Самую большую подлость я совершила в 14 лет, это была гнусная ложь, предательство, никто, кроме меня, от нее не пострадал, никто не узнал о ней, разве, мама догадывалась. Если объективно, — то в жизни встречались и большие подлости, но все они имели хоть какое-то оправдание, а та — мелкая, бессмысленная — никакой. Совесть мучает до сих пор, и, если доживу до 70 лет, будет до 70 лет, очевидно, мучить. Перед кем стыдно? Перед собой? Все клетки моего тела сменились с той поры дважды, физически — я другой человек, а совесть — принадлежность Бога — все та же. Впрочем, все это имеет добрую сторону: совесть-то проснулась, не спит до сих пор, без той встряски я не уверена, была бы я сейчас собою?
С проявлением национализма я впервые столкнулась в 7 лет.
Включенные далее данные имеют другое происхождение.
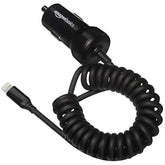 12W (5V, 2.4A) Fast Charging Car Charger With Coiled Lightning Cable For Iphone, Ipad And Apple Devices, 1.5 Ft - Black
До того я энала лишь, что мама — латышка, отец — зстонец, а я — русская, что и сейчас удивительным образом подтверждается моими паспортными данными. Однажды в троллейбусе я села на сидение рядом с толстой старухой и, поскольку она занимала собой почти все пространство, придвинулась к ней вплотную, боясь свалиться. В ответ на этот невинный поступок старуха что-то заорала, гадкое, неприятное, а после, успокоившись, начала пытать меня, кто я есть. Вызнав, что мама моя латышка, старуха высказалась явно грубо и неприлично о латышах вообще как о невежественных, некультурных людях. Мне нечего было ей ответить, подобное прозвучало в первый раз в жизни, я ничего не слышала о национальных проблемах. Но я знала, что мама — человек воспитанный, уважаемый, добрый, и все слова старухи — ложь. Дома же выяснилось, что я — фактически тоже латышка, и странное чувство появилось у меня. Вероятно, тоже чувствует дикарь, впервые осознавая собственную обособленность от природы. До того случая я отождествляла себя с Ленинградом, Россией, Союзом, Это была моя культура, мой дом, мое родное, близкое. И вдруг выяснилось, что это все не так, что я — просто чужой ребенок в этом пространстве. И вот возникло двойственное, крайне неприятное ощущение отъединения — я не могла больше воспринимать себя не только как русскую, но и как латышку — тоже. Эта отъединенность от культур, религий и атеизма долгие годы помогала мне формировать относительно независимое мировоззрение. И ненависти, злобы к русским не возникло ни тогда, ни потом.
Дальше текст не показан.